Neu auf DVD: Orange is the new Black – Staffel 1

Weiße, blonde Frau kommt ins Frauengefängnis. Hier wird sie nicht nur mit dem Gefängnisalltag konfrontiert, sondern auch mit verschiedenen anderen Problemen…

Der Knast

Die Serie basiert auf einem Buch, das wiederum auf den Erfahrungen einer Frau basiert, die den gleichen Vornamen hat wie die Hauptperson der Serie – man kann also davon ausgehen, dass vieles von dem, was wir zu sehen bekommen, auf der Wirklichkeit beruht… und möglicherweise auch sehr dicht an der Realität ist. Dafür scheinen einige der weiblichen Figuren – und davon hat die Serie eine ganze Menge zu bieten – vielleicht eine klitzekleine Spur zu nett zu sein, aber vielleicht entspricht auch das der Realität?!

Die Figuren

Hier fängt es an, großartig zu werden, denn „Orange is the new Black“ hat ein Ensemble, das so groß wie das von „Game of Thrones“ sein dürfte, eine Unmenge an Figuren, bei denen man zwar, wie bei „Game“, nicht unbedingt den Namen weiß, bei denen man aber genau weiß, wer sie sind.

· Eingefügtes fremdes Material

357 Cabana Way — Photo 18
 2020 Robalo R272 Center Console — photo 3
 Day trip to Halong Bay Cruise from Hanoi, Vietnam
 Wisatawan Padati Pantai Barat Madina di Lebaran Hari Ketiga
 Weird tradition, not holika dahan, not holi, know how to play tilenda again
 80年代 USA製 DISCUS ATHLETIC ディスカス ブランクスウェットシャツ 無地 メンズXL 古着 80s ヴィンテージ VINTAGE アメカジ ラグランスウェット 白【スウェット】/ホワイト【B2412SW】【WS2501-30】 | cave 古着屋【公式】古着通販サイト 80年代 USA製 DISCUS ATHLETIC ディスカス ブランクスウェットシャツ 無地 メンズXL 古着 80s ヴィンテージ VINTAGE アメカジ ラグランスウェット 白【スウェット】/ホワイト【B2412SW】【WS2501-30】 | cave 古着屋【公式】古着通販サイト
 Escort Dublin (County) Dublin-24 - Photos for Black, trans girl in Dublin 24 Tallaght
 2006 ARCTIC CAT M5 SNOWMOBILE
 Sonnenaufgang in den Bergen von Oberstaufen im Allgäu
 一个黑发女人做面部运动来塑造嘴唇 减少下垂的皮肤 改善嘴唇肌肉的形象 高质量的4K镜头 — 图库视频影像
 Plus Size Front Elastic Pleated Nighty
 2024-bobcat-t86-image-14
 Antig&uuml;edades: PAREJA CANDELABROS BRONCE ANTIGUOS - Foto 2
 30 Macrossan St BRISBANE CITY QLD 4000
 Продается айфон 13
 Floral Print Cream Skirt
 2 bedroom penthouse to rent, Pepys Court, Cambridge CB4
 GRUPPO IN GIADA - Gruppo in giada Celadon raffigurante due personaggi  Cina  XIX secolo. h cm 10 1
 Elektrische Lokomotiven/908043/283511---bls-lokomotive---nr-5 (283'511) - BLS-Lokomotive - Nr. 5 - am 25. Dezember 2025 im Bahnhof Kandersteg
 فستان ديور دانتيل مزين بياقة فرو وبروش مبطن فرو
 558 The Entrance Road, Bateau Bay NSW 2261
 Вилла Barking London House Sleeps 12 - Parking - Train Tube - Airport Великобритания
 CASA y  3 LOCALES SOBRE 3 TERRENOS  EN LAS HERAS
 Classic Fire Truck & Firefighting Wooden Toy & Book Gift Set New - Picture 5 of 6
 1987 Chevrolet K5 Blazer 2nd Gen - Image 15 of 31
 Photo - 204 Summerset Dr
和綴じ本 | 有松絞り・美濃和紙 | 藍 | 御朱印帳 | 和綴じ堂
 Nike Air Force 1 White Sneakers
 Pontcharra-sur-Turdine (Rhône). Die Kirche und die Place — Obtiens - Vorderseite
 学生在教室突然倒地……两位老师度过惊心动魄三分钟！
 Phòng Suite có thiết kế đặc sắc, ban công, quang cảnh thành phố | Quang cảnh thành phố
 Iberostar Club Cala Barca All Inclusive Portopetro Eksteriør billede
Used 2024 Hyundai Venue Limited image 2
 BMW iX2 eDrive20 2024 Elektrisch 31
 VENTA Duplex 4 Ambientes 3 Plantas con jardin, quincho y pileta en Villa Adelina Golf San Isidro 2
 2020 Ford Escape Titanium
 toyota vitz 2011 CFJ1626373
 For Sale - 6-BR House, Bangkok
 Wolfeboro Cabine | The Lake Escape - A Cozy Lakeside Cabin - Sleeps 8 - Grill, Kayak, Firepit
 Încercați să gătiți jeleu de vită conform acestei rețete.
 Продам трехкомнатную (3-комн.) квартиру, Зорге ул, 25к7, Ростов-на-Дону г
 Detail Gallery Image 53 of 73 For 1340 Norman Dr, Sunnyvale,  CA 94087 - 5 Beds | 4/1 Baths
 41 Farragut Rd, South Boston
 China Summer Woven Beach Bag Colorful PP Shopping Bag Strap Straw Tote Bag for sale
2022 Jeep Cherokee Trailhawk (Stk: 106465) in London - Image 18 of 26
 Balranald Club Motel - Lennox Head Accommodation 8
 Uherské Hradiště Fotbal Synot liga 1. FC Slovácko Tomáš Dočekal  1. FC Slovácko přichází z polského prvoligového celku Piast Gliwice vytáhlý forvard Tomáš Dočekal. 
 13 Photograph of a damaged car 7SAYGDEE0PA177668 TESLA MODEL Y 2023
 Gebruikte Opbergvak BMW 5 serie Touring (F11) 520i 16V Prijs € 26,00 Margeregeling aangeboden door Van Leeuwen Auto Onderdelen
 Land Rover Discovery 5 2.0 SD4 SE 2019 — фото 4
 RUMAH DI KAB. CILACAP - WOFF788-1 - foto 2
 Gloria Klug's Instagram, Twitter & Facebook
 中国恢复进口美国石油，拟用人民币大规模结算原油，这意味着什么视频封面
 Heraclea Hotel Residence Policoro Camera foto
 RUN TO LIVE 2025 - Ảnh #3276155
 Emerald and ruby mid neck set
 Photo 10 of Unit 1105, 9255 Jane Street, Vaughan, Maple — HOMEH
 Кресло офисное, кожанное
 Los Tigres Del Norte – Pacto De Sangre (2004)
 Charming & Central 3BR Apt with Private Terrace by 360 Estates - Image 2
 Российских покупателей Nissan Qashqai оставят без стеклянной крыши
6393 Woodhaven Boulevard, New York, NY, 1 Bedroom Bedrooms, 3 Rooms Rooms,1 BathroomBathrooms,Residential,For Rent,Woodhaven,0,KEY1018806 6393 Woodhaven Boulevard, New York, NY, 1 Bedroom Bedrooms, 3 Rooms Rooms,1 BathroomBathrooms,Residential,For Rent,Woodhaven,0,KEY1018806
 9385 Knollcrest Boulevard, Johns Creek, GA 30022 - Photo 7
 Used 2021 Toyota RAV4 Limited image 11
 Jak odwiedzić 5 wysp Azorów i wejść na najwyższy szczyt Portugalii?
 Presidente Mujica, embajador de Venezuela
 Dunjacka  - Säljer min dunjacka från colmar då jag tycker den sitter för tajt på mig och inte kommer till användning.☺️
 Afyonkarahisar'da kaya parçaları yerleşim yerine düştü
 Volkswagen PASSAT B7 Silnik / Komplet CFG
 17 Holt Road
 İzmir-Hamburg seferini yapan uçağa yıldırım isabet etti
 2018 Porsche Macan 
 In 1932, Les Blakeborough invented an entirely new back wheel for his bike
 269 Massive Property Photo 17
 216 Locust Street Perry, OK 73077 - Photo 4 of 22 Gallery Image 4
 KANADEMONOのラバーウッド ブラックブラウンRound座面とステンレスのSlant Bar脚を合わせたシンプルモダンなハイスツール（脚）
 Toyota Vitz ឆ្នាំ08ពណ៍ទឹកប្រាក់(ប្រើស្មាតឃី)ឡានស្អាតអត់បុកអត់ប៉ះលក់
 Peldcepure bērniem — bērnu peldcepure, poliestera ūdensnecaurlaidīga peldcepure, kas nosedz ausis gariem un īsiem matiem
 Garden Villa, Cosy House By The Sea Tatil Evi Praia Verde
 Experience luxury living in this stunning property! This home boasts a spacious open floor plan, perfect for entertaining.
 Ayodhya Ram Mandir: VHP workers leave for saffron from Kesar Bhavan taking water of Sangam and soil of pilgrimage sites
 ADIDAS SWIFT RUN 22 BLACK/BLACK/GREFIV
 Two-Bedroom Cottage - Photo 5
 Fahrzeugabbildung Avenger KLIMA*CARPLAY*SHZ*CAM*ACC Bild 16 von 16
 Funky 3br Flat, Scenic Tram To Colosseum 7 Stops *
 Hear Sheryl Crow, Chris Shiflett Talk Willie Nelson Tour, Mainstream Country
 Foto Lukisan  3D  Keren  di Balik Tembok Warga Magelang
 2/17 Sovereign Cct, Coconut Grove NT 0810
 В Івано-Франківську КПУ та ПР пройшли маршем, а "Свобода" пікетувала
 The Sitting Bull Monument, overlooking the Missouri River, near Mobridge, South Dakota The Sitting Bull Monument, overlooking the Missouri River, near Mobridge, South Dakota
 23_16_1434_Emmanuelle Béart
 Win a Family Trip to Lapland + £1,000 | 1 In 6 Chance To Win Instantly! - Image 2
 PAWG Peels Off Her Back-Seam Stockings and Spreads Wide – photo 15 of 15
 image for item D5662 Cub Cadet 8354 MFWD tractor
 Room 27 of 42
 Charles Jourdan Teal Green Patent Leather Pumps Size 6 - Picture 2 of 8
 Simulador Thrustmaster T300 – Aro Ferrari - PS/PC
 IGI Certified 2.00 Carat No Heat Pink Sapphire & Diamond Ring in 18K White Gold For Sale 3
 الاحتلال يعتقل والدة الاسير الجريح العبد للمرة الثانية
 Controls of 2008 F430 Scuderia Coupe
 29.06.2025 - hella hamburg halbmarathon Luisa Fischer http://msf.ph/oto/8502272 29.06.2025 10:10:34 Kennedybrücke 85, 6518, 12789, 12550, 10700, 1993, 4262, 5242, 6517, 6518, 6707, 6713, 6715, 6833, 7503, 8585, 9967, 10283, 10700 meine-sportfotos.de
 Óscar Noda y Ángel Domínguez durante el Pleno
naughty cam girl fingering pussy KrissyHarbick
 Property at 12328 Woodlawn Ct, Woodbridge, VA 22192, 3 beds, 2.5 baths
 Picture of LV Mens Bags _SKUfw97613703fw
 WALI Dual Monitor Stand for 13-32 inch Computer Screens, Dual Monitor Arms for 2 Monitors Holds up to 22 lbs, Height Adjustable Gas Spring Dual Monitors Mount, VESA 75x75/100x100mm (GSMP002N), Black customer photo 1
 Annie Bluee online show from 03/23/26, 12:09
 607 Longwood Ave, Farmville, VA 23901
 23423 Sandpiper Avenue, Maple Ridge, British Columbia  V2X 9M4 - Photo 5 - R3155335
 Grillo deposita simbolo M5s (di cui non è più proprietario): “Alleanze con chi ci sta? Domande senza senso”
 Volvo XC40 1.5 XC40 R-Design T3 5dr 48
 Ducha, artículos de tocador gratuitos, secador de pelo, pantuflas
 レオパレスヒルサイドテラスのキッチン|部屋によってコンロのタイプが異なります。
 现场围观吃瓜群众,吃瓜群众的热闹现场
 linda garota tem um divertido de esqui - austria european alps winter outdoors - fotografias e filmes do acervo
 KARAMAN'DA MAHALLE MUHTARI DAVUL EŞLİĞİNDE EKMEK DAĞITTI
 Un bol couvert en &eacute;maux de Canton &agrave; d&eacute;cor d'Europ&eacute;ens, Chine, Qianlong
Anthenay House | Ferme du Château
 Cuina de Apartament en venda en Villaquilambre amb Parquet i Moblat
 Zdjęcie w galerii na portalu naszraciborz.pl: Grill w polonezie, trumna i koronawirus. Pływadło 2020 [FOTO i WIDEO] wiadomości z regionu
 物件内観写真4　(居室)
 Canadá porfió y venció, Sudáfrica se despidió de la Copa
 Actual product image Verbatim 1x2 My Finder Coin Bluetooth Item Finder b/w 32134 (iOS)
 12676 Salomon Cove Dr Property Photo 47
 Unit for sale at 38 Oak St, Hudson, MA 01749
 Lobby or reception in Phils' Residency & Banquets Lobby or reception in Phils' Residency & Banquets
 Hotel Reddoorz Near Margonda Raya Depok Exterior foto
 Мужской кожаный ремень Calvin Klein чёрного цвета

Was wir bisher nur in wenigen Fällen erfahren, ist, warum man sie ins Gefängnis gesteckt hat, aber vielleicht kommt das ja später. In der erste Staffel lernen wir sie erst einmal ein wenig kennen, für ein paar ausgesuchte Charaktere gibt es kleine Rückblicke, für die meisten gibt es die Definition über ihre Handlungen. Es gibt jede Menge Figuren und damit ein unerschöpfliches Potential an Geschichten, das in der ersten Staffel nur grob angerissen werden kann. Alle Figuren haben Kontur und Tiefe, möglicherweise mehr, als man von einer Frauenknastserie erwarten würde.

Die Besetzung

Dass wir immer wissen, mit wem wir es zu tun haben, liegt an der herausragenden Besetzung der Serie. Damit ist nicht ein immenses Staraufgebot gemeint, sondern „echte Typen“, Gesichter, die nicht austauschbar sind und dadurch im Gedächtnis bleiben. Und sie sehen nicht nur alle unverwechselbar aus, sie spielen auch hervorragend und vor allen Dingen echt, was den Realismus der Serie noch unterstützt. Zu den wenigen bekannteren Darstellern gehören Jason Biggs aus „American Pie“ und Kate Mulgrew aus „Star Trek: Voyager“ – nun hat man Captain Janeway also doch endlich für die Brechung der Zeitlinie, das Fratanisieren mit den Borg und was sie sonst noch so für Mist gebaut hat verdientermaßen ins Gefängnis gesteckt. Leider empfinde ich sie in diesem wunderbaren Ensemble eher als den Schwachpunkt, weil ich sie trotz gegenteiliger Beteuerungen ihrer Kollegen im Zusatzmaterial einfach nicht wirklich überzeugend finde und mir ihr russischer Akzent nicht so ganz schmecken will – so wie der Hauptfigur ihr Essen.

Die Serie

Orange“ wurde nicht für einen Fernsehsender geschaffen, sondern für eine Onlineplattform. Das bedeutet, dass sie sich nicht den Regeln des Amerikanischen Öffentlich-Rechtlichen Fernsehens halten müssen und Gewalt und Nacktheit zeigen können – was sie auch tun. Es ist eine moderne Serie, d.h. sie besteht nicht aus einzelnen, für sich stehenden Folgen, sondern wie bei einem Roman sind die Folgen Kapitel, die aufeinander aufbauen und bis zum Ende des ersten Buches, der ersten Staffel führen. Wer Serien gerne am Stück sieht, diese hier ist perfekt dafür geschaffen!

Das Zusatzmaterial

In den kurzen Dokus und den zwei Audiokommentaren erhält man einen kleinen Einblick in die Produktion, aber auch ein wenig in die wahren Hintergründe der Serie. Schade, dass man nicht mehr der Darstellerinnen als sie selbst erleben kann, um so die Unterschiede zwischen Schauspielerin und Rolle besser zu erkennen.

Das Fazit

Großartige Fernsehserie mit einem wunderbaren Ensemble, sehr gut geschrieben, mal tragisch, mal witzig, mal spannend, immer gut! Schon jetzt eine der besten Serien der letzten Jahre und ein Muss für alle, die sich schon immer gutes Fernsehen gewünscht haben. Ab 25. Juni 2015 auf DVD und Blu-ray.